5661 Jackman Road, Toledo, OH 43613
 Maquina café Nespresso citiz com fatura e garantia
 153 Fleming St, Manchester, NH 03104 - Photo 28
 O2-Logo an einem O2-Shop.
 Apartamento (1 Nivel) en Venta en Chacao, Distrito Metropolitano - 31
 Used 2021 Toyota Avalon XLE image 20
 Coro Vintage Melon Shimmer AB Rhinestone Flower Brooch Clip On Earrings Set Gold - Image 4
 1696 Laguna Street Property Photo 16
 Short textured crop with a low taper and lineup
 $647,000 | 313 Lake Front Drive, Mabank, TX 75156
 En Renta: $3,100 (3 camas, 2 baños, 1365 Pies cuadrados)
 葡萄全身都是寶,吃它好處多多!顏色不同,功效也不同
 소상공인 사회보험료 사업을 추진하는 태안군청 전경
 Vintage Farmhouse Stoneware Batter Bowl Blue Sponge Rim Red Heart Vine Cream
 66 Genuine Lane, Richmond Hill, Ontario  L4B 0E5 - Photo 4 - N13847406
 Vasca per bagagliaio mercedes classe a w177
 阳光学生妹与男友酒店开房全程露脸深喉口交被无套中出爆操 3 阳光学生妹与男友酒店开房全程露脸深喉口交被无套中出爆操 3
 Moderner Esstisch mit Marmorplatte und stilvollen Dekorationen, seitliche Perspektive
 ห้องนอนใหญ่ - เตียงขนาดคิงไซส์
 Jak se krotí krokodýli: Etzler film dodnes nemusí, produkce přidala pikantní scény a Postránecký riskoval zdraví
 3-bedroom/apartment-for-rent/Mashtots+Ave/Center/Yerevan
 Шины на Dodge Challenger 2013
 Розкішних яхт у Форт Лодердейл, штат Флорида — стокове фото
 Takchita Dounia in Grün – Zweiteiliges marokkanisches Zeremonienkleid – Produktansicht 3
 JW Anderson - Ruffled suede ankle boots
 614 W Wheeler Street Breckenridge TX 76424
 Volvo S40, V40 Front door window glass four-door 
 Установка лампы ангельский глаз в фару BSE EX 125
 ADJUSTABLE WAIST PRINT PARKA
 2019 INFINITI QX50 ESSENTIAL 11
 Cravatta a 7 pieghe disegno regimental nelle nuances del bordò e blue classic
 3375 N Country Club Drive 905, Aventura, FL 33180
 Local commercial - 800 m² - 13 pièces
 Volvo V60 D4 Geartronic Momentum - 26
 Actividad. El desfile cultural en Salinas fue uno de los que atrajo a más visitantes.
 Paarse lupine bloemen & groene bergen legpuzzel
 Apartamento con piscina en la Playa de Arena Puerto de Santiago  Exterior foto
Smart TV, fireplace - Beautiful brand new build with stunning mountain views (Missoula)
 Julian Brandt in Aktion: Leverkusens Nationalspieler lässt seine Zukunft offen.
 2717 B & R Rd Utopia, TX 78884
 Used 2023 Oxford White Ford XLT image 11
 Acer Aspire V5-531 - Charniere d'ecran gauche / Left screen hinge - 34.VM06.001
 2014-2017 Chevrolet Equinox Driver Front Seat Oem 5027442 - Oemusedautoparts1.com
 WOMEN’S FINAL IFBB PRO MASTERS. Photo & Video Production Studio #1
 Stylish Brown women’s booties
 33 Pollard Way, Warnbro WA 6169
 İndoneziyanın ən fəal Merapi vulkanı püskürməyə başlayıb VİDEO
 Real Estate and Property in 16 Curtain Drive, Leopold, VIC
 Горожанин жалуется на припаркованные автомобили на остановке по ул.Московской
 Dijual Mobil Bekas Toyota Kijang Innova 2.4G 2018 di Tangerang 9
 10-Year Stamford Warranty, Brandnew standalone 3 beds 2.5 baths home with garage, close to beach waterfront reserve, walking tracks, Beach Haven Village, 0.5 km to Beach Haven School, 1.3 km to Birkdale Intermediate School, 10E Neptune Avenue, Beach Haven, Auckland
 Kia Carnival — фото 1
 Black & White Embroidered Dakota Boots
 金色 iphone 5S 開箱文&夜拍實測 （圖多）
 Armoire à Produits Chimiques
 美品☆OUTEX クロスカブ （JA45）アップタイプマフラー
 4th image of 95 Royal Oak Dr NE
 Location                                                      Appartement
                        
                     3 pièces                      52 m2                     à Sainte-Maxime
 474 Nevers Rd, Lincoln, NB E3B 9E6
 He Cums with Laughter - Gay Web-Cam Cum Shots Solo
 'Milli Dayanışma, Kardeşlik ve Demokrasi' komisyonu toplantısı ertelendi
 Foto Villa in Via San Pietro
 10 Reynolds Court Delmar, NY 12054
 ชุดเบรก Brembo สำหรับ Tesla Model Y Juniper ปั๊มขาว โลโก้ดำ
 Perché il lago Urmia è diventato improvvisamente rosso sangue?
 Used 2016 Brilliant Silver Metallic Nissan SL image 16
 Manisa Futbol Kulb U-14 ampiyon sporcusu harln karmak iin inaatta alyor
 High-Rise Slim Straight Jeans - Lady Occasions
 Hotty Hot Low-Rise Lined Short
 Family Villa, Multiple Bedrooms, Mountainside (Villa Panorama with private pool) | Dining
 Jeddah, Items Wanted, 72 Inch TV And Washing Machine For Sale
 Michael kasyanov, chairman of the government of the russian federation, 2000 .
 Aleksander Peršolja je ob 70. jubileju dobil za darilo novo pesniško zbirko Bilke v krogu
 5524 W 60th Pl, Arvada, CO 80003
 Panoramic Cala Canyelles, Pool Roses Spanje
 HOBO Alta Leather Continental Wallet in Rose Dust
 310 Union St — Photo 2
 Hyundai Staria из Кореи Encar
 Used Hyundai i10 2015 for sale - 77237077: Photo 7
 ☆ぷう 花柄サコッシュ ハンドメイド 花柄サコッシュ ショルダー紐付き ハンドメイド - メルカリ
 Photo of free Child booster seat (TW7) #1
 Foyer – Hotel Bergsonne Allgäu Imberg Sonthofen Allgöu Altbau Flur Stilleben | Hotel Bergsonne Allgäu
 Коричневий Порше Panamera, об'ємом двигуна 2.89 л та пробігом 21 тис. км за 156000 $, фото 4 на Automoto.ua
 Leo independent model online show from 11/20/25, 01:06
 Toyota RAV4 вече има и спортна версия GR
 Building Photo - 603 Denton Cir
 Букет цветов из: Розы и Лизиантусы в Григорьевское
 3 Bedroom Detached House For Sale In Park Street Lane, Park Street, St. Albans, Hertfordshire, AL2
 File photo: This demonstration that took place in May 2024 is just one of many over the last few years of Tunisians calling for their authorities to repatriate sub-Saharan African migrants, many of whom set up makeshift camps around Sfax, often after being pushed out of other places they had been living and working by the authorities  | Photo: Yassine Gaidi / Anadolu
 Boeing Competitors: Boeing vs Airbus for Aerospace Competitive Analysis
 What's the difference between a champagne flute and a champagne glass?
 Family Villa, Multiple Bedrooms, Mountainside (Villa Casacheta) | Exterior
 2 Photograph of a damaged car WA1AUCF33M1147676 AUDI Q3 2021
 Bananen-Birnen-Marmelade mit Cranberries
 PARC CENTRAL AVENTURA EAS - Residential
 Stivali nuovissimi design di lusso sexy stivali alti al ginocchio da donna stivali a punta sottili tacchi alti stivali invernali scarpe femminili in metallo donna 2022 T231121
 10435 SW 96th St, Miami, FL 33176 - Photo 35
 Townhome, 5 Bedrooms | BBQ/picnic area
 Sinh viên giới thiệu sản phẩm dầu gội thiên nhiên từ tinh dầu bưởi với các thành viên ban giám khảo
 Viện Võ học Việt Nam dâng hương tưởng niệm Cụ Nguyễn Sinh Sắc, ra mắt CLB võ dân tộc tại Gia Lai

● ● ● ●

**PROBLEM**
Using the entries above, extract exactly the span from the line with "10-Year Stamford Warranty, Brandnew" to the line with "He Cums with", both lines included; leave out everything else.

**ANSWER AREA**
 10-Year Stamford Warranty, Brandnew standalone 3 beds 2.5 baths home with garage, close to beach waterfront reserve, walking tracks, Beach Haven Village, 0.5 km to Beach Haven School, 1.3 km to Birkdale Intermediate School, 10E Neptune Avenue, Beach Haven, Auckland
 Kia Carnival — фото 1
 Black & White Embroidered Dakota Boots
 金色 iphone 5S 開箱文&夜拍實測 （圖多）
 Armoire à Produits Chimiques
 美品☆OUTEX クロスカブ （JA45）アップタイプマフラー
 4th image of 95 Royal Oak Dr NE
 Location                                                      Appartement
                        
                     3 pièces                      52 m2                     à Sainte-Maxime
 474 Nevers Rd, Lincoln, NB E3B 9E6
 He Cums with Laughter - Gay Web-Cam Cum Shots Solo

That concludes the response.